Basaal I - P36 - Endogenous Interleukin-37 diminishes CXCL1 release by dendritic cells upon stimulation with TLR ligands

W.P.C. Pulskens, L.A. Joosten, C.A. Dinarello, L.B. Hilbrands, J. van der Vlag

Chair(s): dr. Michiel Betjes, Erasmus MC, Rotterdam

Thursday 10 march 2016

13:00 - 13:30h at Foyer

Categories: Postersessie

Parallel session: Postersessies XI - Opgesplitst in 3 tijdblokken en 3 categoriëen (klinisch, basaal, donatie)

Renal ischemia and subsequent reperfusion (IR) is an inevitable process upon transplantation procedures. Damage-associated molecular patterns (DAMPs) released upon IR induce innate immune responses by activating Toll-like receptors (TLRs) which subsequently exaggerate tubular damage and kidney dysfunction. Dendritic cells (DCs) are key players in innate immune responses and moreover drive the onset of adaptive immunity. 

The human cytokine Interleukin (IL)-37 is a potent inhibitor of innate immunity that can reduce the degree of DC activation and consequent adaptive immune responses, including lymphocyte proliferation. In this study we evaluated the effects of endogenous IL37 on the functional response of DCs by stimulation with different TLR ligands.  

Bone marrow cells were isolated from femurs obtained from wild type (WT) and transgenic mice expressing human IL37 (hIL37tg) and subsequently differentiated towards bone marrow-derived dendritic cells (BMDCs) by culturing in the presence of granulocyte-macrophage colony-stimulating factor (GM-CSF) for 8 days. BMDCs were stimulated with proinflammatory TLR agonists (lipopolysaccharide (LPS), Pam3Cys, CpG oligonucleotides (ODNs)) for 24hrs. The subsequent inflammatory response was determined by measuring cytokine release in the supernatant (ELISA) and gene expression profiles (quantitative RT-PCR), whereas the degree of DC maturation was determined using flow cytometry by quantifying cell surface marker expression (CD40 and CD86) on CD11c+ cells. 

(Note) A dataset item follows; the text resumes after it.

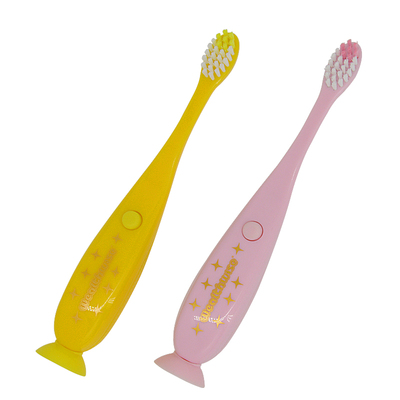 儿童训练闪光牙刷吸盘软毛护龈齿宝宝男女孩计时3-8-12岁发光牙刷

mRNA expression and protein secretion of the neutrophil attracting chemokine CXCL1 were strongly reduced upon stimulation of hIL37tg BMDCs as compared to WT BMDCs. In contrast, IL37 expression did not affect TNFα and IL6 mRNA and protein levels, nor the degree of IL10 mRNA levels. Of note, no differences were found in basal levels between unstimulated immature DCs of WT and hIL37tg origin. Various concentrations of LPS, and to a lesser extent Pam3Cys or CpG ODNs, clearly induced maturation of CD11c+ BMDCs, as reflected by elevated expression of co-stimulatory molecules CD40 and CD86. However, endogenous IL37 did not affect the degree of maturation. 

Our preliminary data indicate that endogenous IL37 selectively reduces CXCL1 production by DCs upon stimulation with TLR agonists. However, production of other proinflammatory cytokines and costimulatory molecules was not affected by endogenous IL37.